- _THE PROBLEM_:
For this exercise, repeat exactly the lines below starting at the line holding "UGG Abrasion Resistant" and ending at the line holding "Diccionario básico de", both included, with no extra lines and no pictures.

[SUPPLIED RECORDS Boundary: Start]

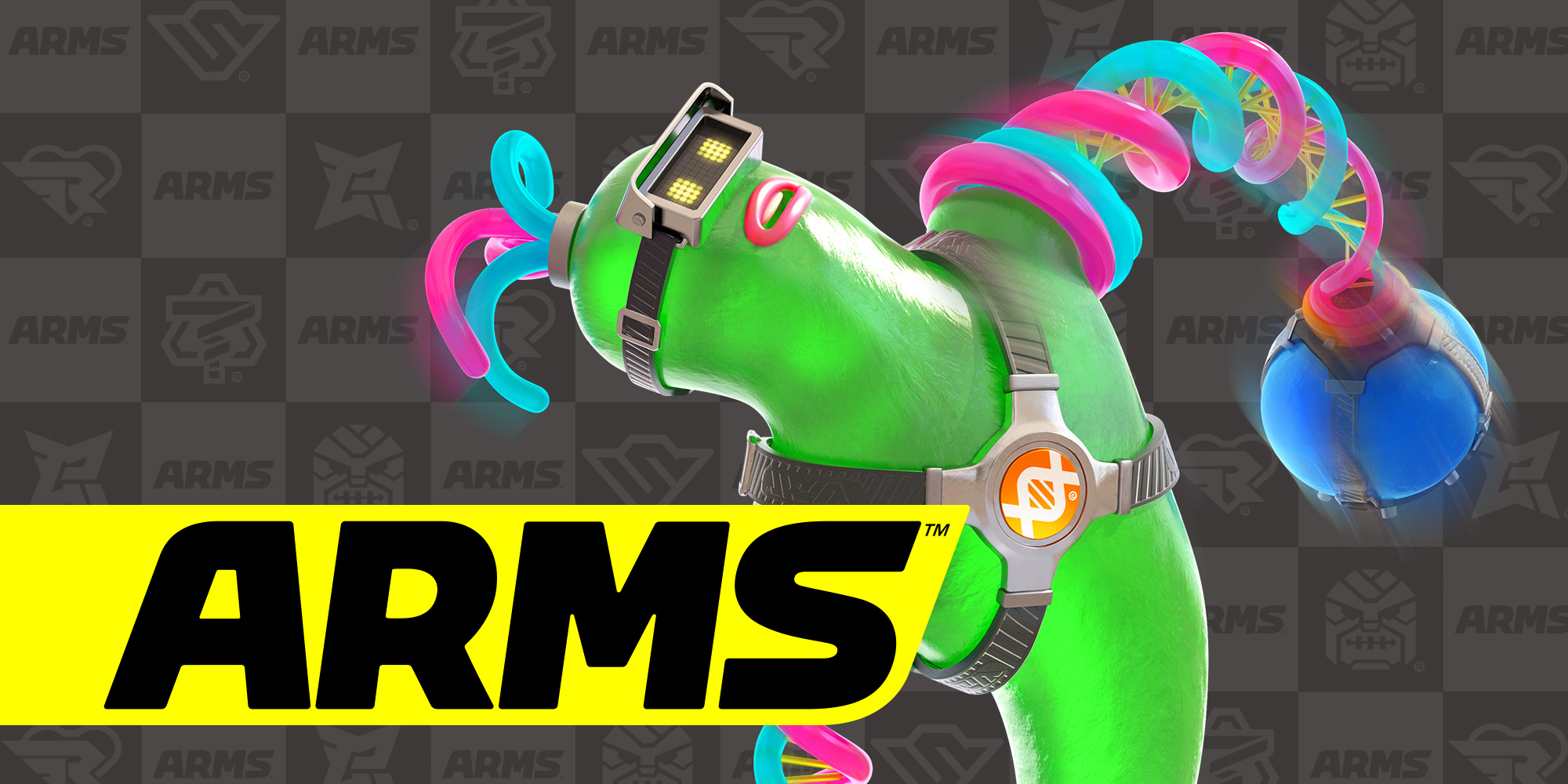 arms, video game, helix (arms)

[SUPPLIED RECORDS Boundary: End]
[SUPPLIED RECORDS Boundary: Start]

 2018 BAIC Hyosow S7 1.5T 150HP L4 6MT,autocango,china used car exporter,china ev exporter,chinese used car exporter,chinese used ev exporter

[SUPPLIED RECORDS Boundary: End]
[SUPPLIED RECORDS Boundary: Start]

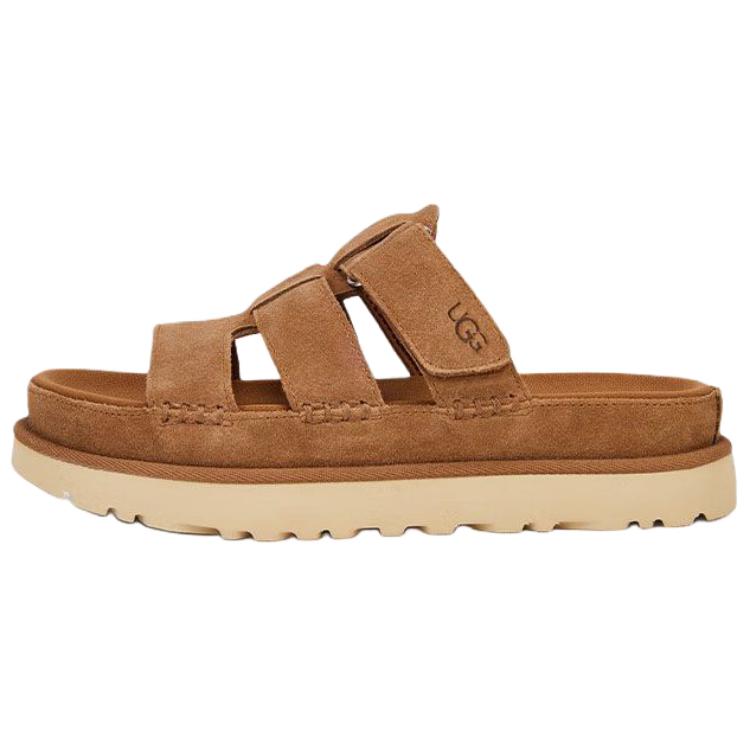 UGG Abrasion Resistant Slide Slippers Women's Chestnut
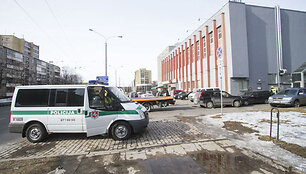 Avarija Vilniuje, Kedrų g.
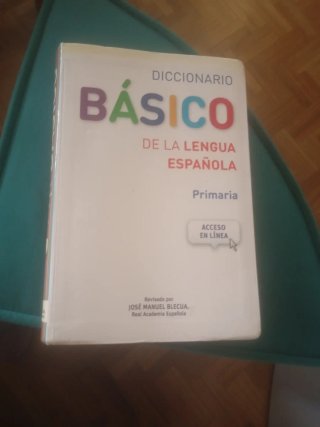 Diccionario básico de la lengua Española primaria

[SUPPLIED RECORDS Boundary: End]

- _RESPONSE TO THIS TASK_:
 UGG Abrasion Resistant Slide Slippers Women's Chestnut
 Avarija Vilniuje, Kedrų g.
 Diccionario básico de la lengua Española primaria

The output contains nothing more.